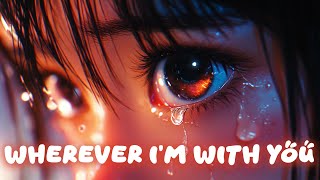 Nightcore - Wherever Im With You (lyrics)
🔔 Subscribe for endless nightcore music
🔔 Turn on the bell 🔔 to join the notification squad
📩 Music suggestion: contact.nightcoremtb@gmail.com
_ _ _
Lyrics:
Ooh
It’s been a long time coming
Thought that I’d keep running
Hands down all or nothing
But now you aren’t really sure, and now you wonder maybe you missed something
You can’t break me
You can’t hold me down
You won’t stop me
Try to knock me down
I’m gonna keep on fighting
I know I’m a survivor
Thought you’d won till now
But I’m gonna keep on fighting
I know I’m a survivor
(I know I’m a survivor)
Surprised I’m so threatening
Thought you were more than ready
Now you’re second guessing
Now the tables turned, and somehow all along you were missing something
You can’t stop me
Try to knock me down
I’m gonna keep on fighting
I know I’m a survivor
Thought you’d won till now
But I’m gonna keep on fighting
I know I’m a survivor
Ooh
I know I’m a survivor
Ooh
I know I’m a survivor
I’m gonna keep on fighting
Never backing down again
Always keep on fighting
I’m a survivor
Try to knock me down
I’m gonna keep on fighting
I know I’m a survivor
Thought you’d won till now
But I’m gonna keep on fighting
I know I’m a survivor
I know I’m a survivor
I know I’m a survivor
Video by Freya Studio
If you have anything you want to show us, work with us, share your ideas, videos, art, contact us here: contact.nightcoremtb@gmail.com
_ _ _
#Nightcore #Mtb #Gaming
© 2025 Nightcore Mtb - ‘Melody Transcends Boundaries’ Nightcore - Wherever Im With You (lyrics)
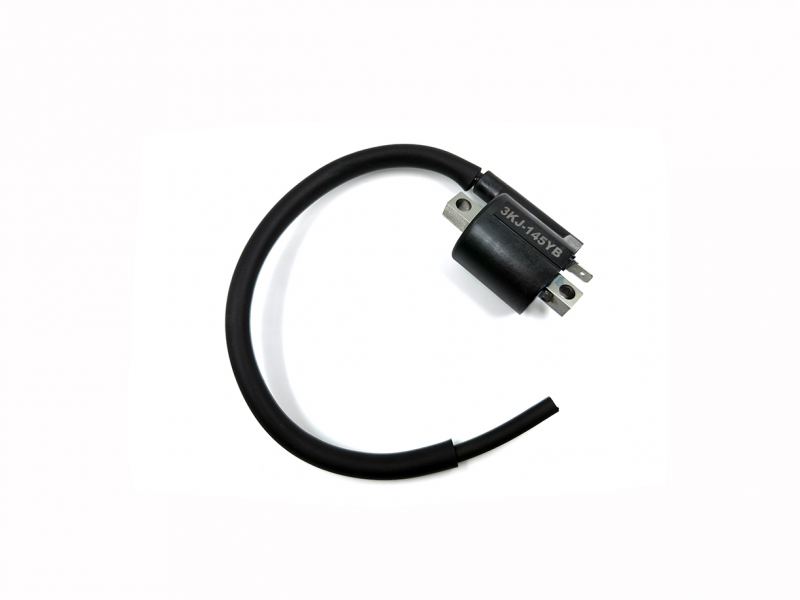 Yamaha - OEM Ignition Coil for PW50 1998-2019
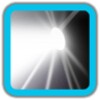 Super-Bright Flashlight FREE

****************

▶ Assignment:
The records must come back exactly, with their pictures removed.

▶ Finished exercise:
 Nightcore - Wherever Im With You (lyrics)
🔔 Subscribe for endless nightcore music
🔔 Turn on the bell 🔔 to join the notification squad
📩 Music suggestion: contact.nightcoremtb@gmail.com
_ _ _
Lyrics:
Ooh
It’s been a long time coming
Thought that I’d keep running
Hands down all or nothing
But now you aren’t really sure, and now you wonder maybe you missed something
You can’t break me
You can’t hold me down
You won’t stop me
Try to knock me down
I’m gonna keep on fighting
I know I’m a survivor
Thought you’d won till now
But I’m gonna keep on fighting
I know I’m a survivor
(I know I’m a survivor)
Surprised I’m so threatening
Thought you were more than ready
Now you’re second guessing
Now the tables turned, and somehow all along you were missing something
You can’t stop me
Try to knock me down
I’m gonna keep on fighting
I know I’m a survivor
Thought you’d won till now
But I’m gonna keep on fighting
I know I’m a survivor
Ooh
I know I’m a survivor
Ooh
I know I’m a survivor
I’m gonna keep on fighting
Never backing down again
Always keep on fighting
I’m a survivor
Try to knock me down
I’m gonna keep on fighting
I know I’m a survivor
Thought you’d won till now
But I’m gonna keep on fighting
I know I’m a survivor
I know I’m a survivor
I know I’m a survivor
Video by Freya Studio
If you have anything you want to show us, work with us, share your ideas, videos, art, contact us here: contact.nightcoremtb@gmail.com
_ _ _
#Nightcore #Mtb #Gaming
© 2025 Nightcore Mtb - ‘Melody Transcends Boundaries’ Nightcore - Wherever Im With You (lyrics)
 Yamaha - OEM Ignition Coil for PW50 1998-2019
 Super-Bright Flashlight FREE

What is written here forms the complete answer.